In this week's Village Voice, the paper's Wayne Barrett devastates the Bloomberg record on women and minority-owned businesses, with a full evaluation of the shameful record of Commissioner Rob Walsh. The context of the article is the record percentages of voters Bloomberg achieved among Blacks and Hispanics, and the meager results of programs touted by Bloomberg during his 2005 campaign: "These signature programs—touted in the campaign's radio and television ads—have since disappeared from both the public's consciousness and the mayor's agenda. Bloomberg issued a "Campaign Accountability Report" last year, claiming success in 96 of the 100 promises he'd made in 2005. That list of campaign pledges did not include the MWBE or construction- apprenticeship initiatives."
This shouldn't really surprise anyone, since Walsh's agency has never done a damn thing for small and minority business and, on the contrary, has been the active catalyst for their demise-witness the SBS role in the eviction of the merchants from the Bronx Terminal Market, and his midwifing of IKEA to the detriment of the retailers in Sunset Park. And as far as Bloomberg is concerned, Black and Hispanic businesses are expendable, just ask all of those firms at Willets Point that the mayor's looking to give the heave-ho to.

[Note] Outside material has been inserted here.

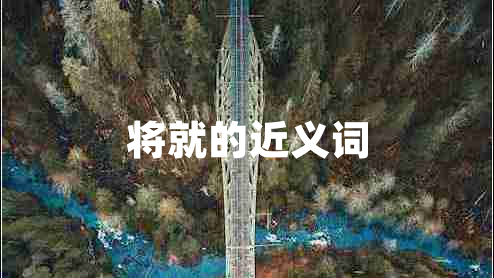 將就的近義詞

Of course, as we have commented, all of this has not really been scrutinized by a supine press. As Barrett points out quoting Freddy Ferrar: "Ferrer, who dropped out of politics and now works for a private public-relations firm, tells the Voice that these programs "are only successful in the eyes of the initiator." The former Bronx borough president insists that "if it were anyone else, there would be much more accountability on these promises," and he also decries the media "quiescence" that has selectively protected the Bloomberg administration. "I have never seen it so still," he says, contrasting the media's lack of penetrating questions about Bloomberg's second-term record with the coverage of his three immediate predecessors: Giuliani, David Dinkins, and Ed Koch."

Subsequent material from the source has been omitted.